I wonder if the lowercase i means anything. It is that “i” that defines my generation. The one where the self isn’t prime. Maybe that’s a good thing, the “I” begins to take less precedence. Yet I don’t see us becoming any less selfish. Narcissism seems to be frolicking with all of our “i”-pliances, our technological prosthesis. It makes me think of Allucquère Rosanne Stone’s book The War of Desire and Technology at the Close of the Mechanical Age, where she discusses how Stephen Hawking and his machine that allows him to communicate are not separate from one another.

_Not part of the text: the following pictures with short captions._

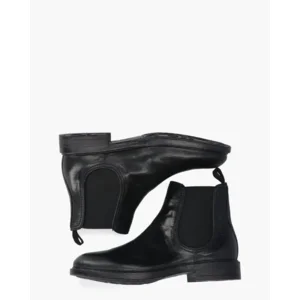 Giorgio 1958 88610 Zwart Herenboots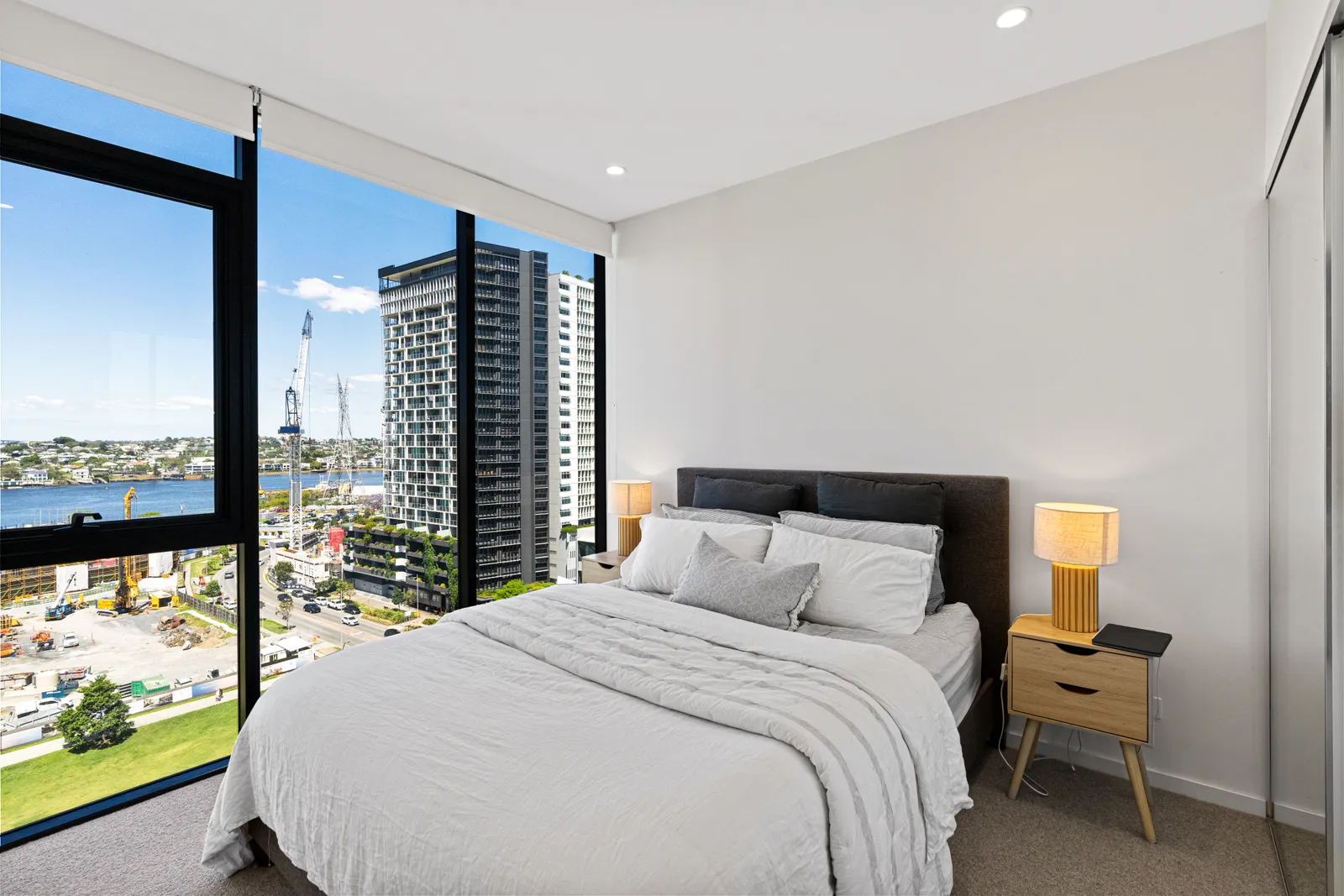 1105/12 Cunningham Street, Newstead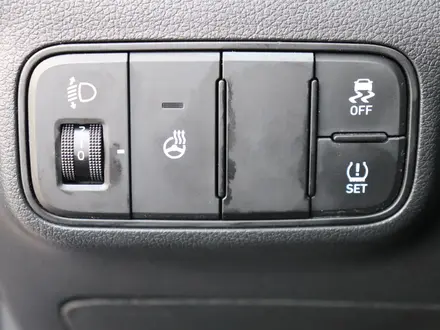 Hyundai Bayon 2024 года за 8 000 000 тг. в Астана – фото 21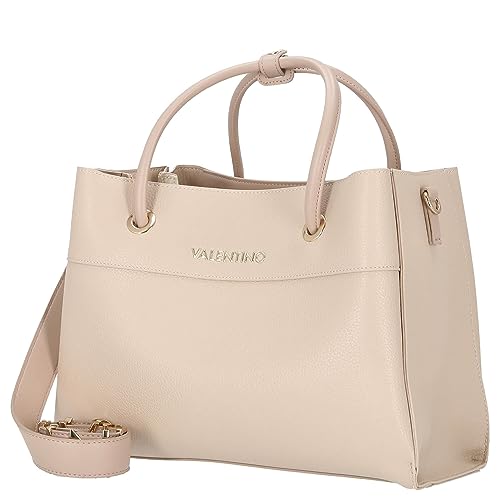 Thumbnail 3 de Valentino Alexia Shopping Bag Ecru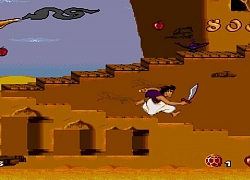 Bất ngờ chưa, 2 game tuổi thơ Aladdin và Vua Sư Tử sẽ có bản Remastered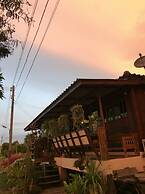 Pun Na Homestay Bangsai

I can walk away from my computer and still be “me,” but for him, without it he is silent.
I wonder if it is becoming so hard to market ourselves. There are no easy categories to cling to. Yet we haven’t escaped the need of them. Do we need labels of every other product out there because we don’t have labels ourselves?
So are we lost or have we transcended? Have we become meat? Have we escaped our meat status with our communicative technologies?
What grade meat would you be?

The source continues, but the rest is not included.